Fixing Deployment Pipeline Steps' Failures in a Timely Manner
by Areti Panou
One of the cornerstones of Continuous Delivery is to establish a reliable deployment pipeline. Each step of the pipeline aims to provide confidence and feedback on the quality of our changes in a timely manner. Removing any blockers from the pipeline should be the utmost priority for a team so that there is a constant flow of feedback for the changes.
But if keeping the pipeline running is so important, why do we sometimes ignore failures? Why do we put up with failing tests? What makes us turn a blind eye to broken steps? What stops us from taking action to fix the issues?
One might find the answer in Douglas Adams’ 1982 novel “Life, the Universe and Everything”, which is the third book in the five-volume “Hitchhiker's Guide to the Galaxy” series.
“The Somebody Else's Problem field... relies on people's natural predisposition not to see anything they don't want to, weren't expecting, or can't explain”.
The purpose of the field is to hide something in plain sight by simply making it somebody else’s problem. And deployment pipelines that have failed steps which are taking too long to be fixed, tend to be covered by this field. The failing steps are somebody else’s problem because we don't want to see them, we don't expect to see them, or we can't explain them.
In this article, you will find examples of such unpleasant steps along with some ideas and suggestions on how to improve them.

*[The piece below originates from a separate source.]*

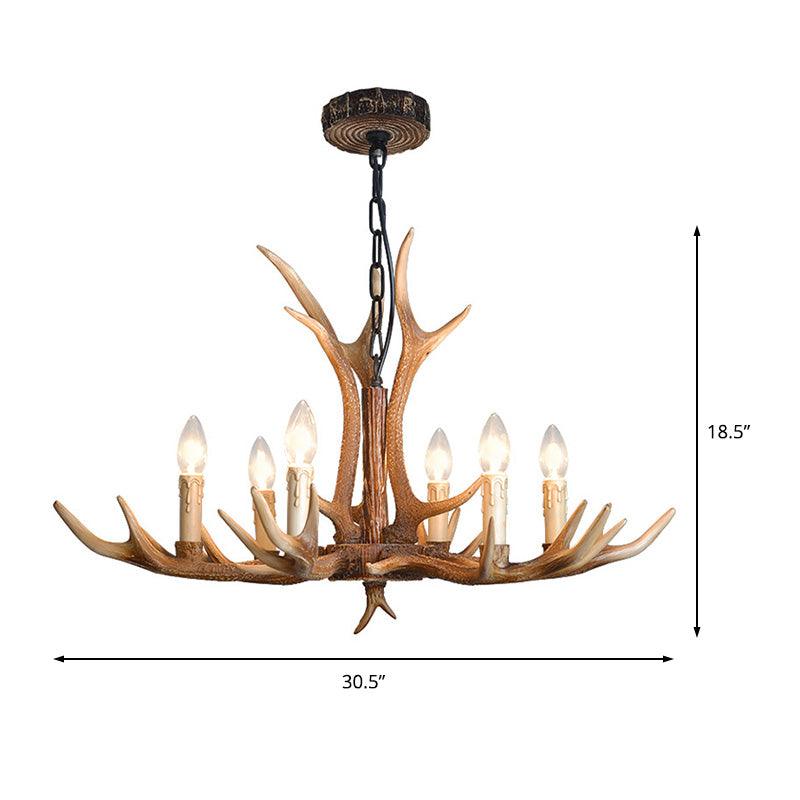 4/6/8 Lights Chandelier Lighting Fixture Rustic Candle Resin - Rebooters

Things you don’t want to see
Quarantine, stabilise or remove
Flaky steps, that in most cases are some sort of automated checks, are steps that are failing randomly. They fail, not because they have detected an issue with your application after you changed something, but just because they feel like it. Richard Bradshaw explains in detail how things might get flaky. But the fact remains: if a step gets the reputation of being flaky, even if someone knows that their change was the one that caused it to fail, it’s likely that they won’t spend any time fixing it.

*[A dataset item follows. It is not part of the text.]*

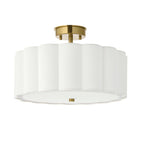 118591 Serene 2 Light Flush Ceiling Light Brass White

An approach to reduce the amount of these flaky steps is to take Martin Fowler's advice and quarantine them.
Place any non-deterministic test in a quarantined area. (But fix quarantined tests quickly.)
Once flaky steps are singled out, it is easier to evaluate them and answer the following questions:
If the purpose of a step is to anticipate a business risk, shouldn’t we, as a product team, invest to make it more stable? And if it isn’t, is it worth having it at all?
Long running steps
Parallelise to save time
Another category of steps that when they fail, tend to get ignored, are the ones that run for a long time. Not the ones that you have just enough time to go get yourself a coffee, but the ones that you could go home, cook a three course meal and still not know if they are finished or not. If your task is to fix such a step it will take a very long time to know if you are done with it or not, making you reluctant to start with it in the first place.
For these steps, one could start thinking about alternative ways to address the same risks but with splicing things differently. Can we break them down into smaller, faster pieces? Can we run them in parallel to save time?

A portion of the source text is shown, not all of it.